This semester I took a course called network forensics. It was a very interesting course, project based, which allowed the students to design any network forensics-related project they wished. For our project, completed with a classmate of mine, we analysed Cisco NetFlow data for our Fraternity house. There was quite a few administrative hoops to jump though, including authorization by the university's IRB (since we collected information about their students). I thought I'd share some of my experiences from the project. This summary will try to guide anyone interested in simple forensics with setting up a collection environment for their home network. Unfortunately it isn't a HOWTO or drop in system. Though if you try what I describe, you're bound to have some fun!

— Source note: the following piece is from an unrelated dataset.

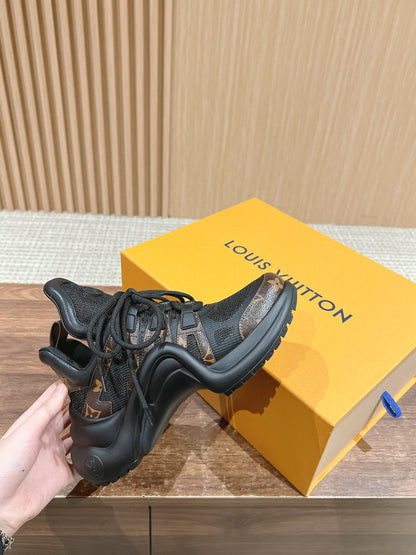 LV ARCHLIGHT SNEAKER IN BLACK CANVAS AND CHOCOLATE BROWN MONOGRAM CALFSKIN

What Data are we collecting: Cisco NetFlow data includes simple header data about network communication. The network traffic is summarized into 'flows' or communications. So if you start up a TCP connection with your favorite video game and play for 20 minutes, that'll be 1 flow. The flow includes Source/Destination IP and Port, start/end time, flags, protocol, packets, and bytes and more. What the flows do no include are payload information. This makes it easy for preforming simple forensics tasks at home. You wont have a huge amount of data to look though, you wont collect anything harmful (at least nothing too harmful), and you wont overload your router.
What you'll need: A router running DD-WRT/OpenWRT, and PC/VM running linux (I used Ubuntu for my home setup but Gentoo is much easier to configure).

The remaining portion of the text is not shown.